GOAL OF THE EXERCISE =
All lines from the one containing "Produktbild von Kreative" through the last line of the listing below are to be copied exactly. Exclude the pictures.

══ INFORMATION SHOWN

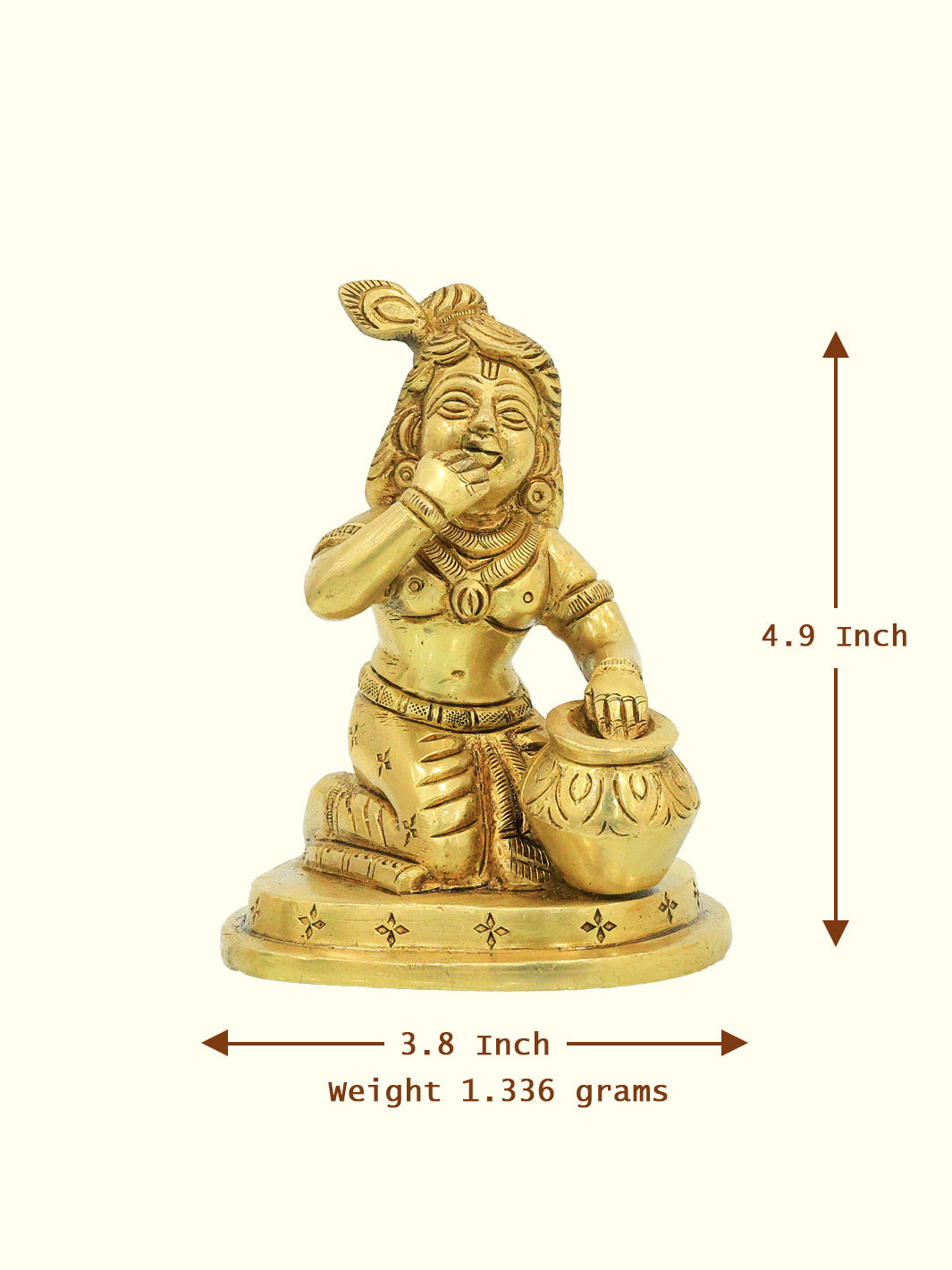 4.9" Brass Bala Krishna Idol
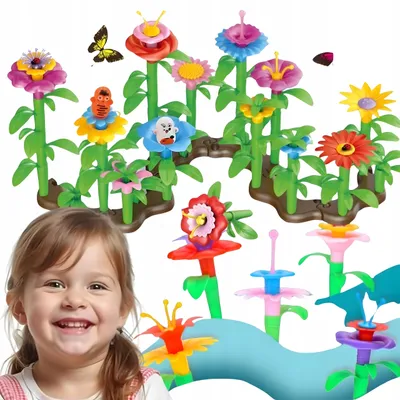 Produktbild von Kreative Blumen-Steckbausteine für Kinder, Garten-Set, 76 Teile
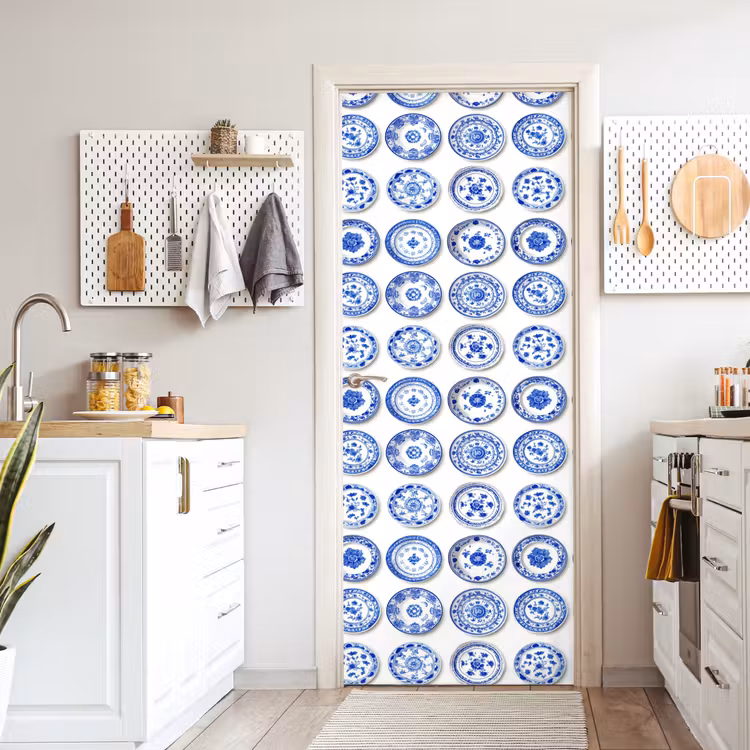 Borden - Bloemen - Patroon - Blauw deurposter klein 289 -sfeer5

════

EXERCISE ANSWER =
 Produktbild von Kreative Blumen-Steckbausteine für Kinder, Garten-Set, 76 Teile
 Borden - Bloemen - Patroon - Blauw deurposter klein 289 -sfeer5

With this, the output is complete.